NATALIE SALEH AND Eoin Gillen were married on August 21st in St Edmund’s College Chapel in Hertfordshire, where the bride had gone to school, by Fr Alexander Master of Westminster Cathedral in London. The chapel was designed in 1846 by Augustus Pugin, who also designed the Houses of Parliament at Westminster. It houses a number of relics, including one of St Edmund and one of St Oliver Plunkett.
Natalie’s mother is from Greece and her father, a doctor in the British army, is from Lebanon, and they travelled a great deal as a family. She was born in the UK, but because of her father’s career they lived in both Saudi Arabia and Germany for a number of years. Thus Natalie and her brother, George, were sent to boarding school at St Edmund’s, the oldest Catholic college in England. She chose its chapel for their wedding as it is full of memories for her: she was confirmed there by the late Cardinal Basil Hume and was the first girl allowed to serve at the chapel’s altar.
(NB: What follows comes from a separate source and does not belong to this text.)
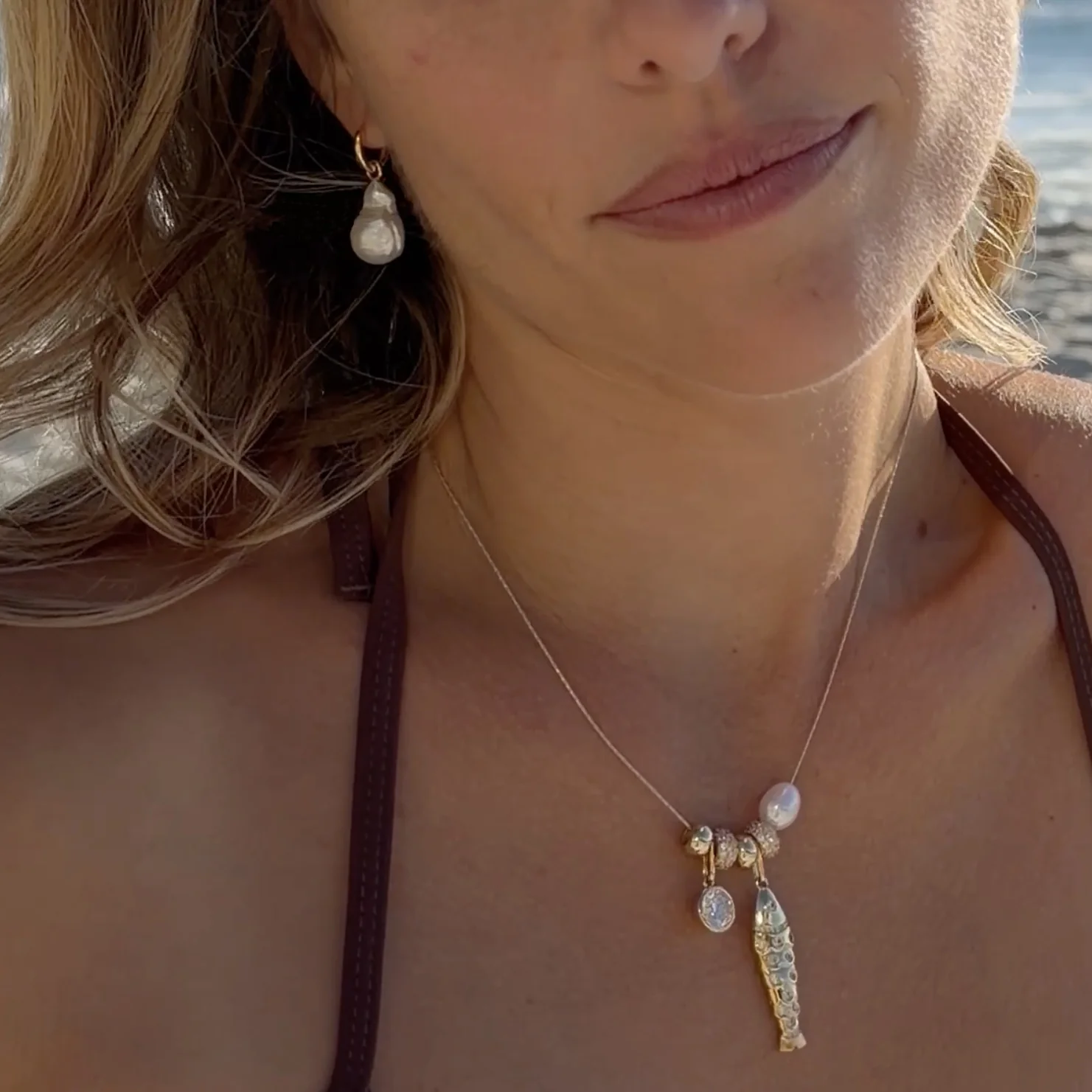 Talia Pearl Hoop Earrings - Image 3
Natalie graduated from both the University of Leicester and the University of Paris, having read law and French law. She is fluent in English, Greek and French, and also speaks German, Spanish and some Arabic. She trained and qualified with several law firms in the City of London and is now a lawyer for a private equity firm there.
Eoin grew up in Blackrock, Co Dublin, and attended Blackrock College along with his two brothers, Fergus and Maurice. His father is Prof Gerard Gillen, emeritus professor of music at NUI Maynooth and titular organist of the Pro-Cathedral, so the house was always full of music. This rubbed off on Eoin, who took up the French horn, studying at the Royal Irish Academy of Music and playing in the National Youth Orchestra. After a year studying law and German at Trinity College, he decided to study music at Emmanuel College, Cambridge. After completing undergraduate and postgraduate degrees in music at Cambridge, as well as teaching music there, Eoin’s career came full circle and he returned to law, qualifying as a solicitor at a law firm in the City of London. He has worked as a lawyer in London and Bangkok, and now works as legal counsel at French bank BNP Paribas in London.
The couple met through Natalie’s brother, who shared a flat with Eoin. As befits a couple of lawyers, they still have the lease of the flat, dated on the day they first met 10 years ago.
Friends travelled from as far away as Japan for the wedding. Eoin assembled a choir of friends, who sang a Haydn Mass, and his father played the organ during the ceremony. Guests were later served a Middle Eastern mezze during their reception in Longstowe Hall, an Elizabethan manor house in Cambridgeshire.
Eoin planned the honeymoon and kept it a complete surprise. They spent two weeks in Namibia – hiking up the world’s tallest sand dunes and trekking into open savannah, with plenty of game spotting and safaris – and one week in South Africa, travelling down the famous Garden Route, with some whale-spotting thrown in and a tour of the wineries in Franschoek and Stellenbosch.
They live in the same flat where they first met in Maida Vale.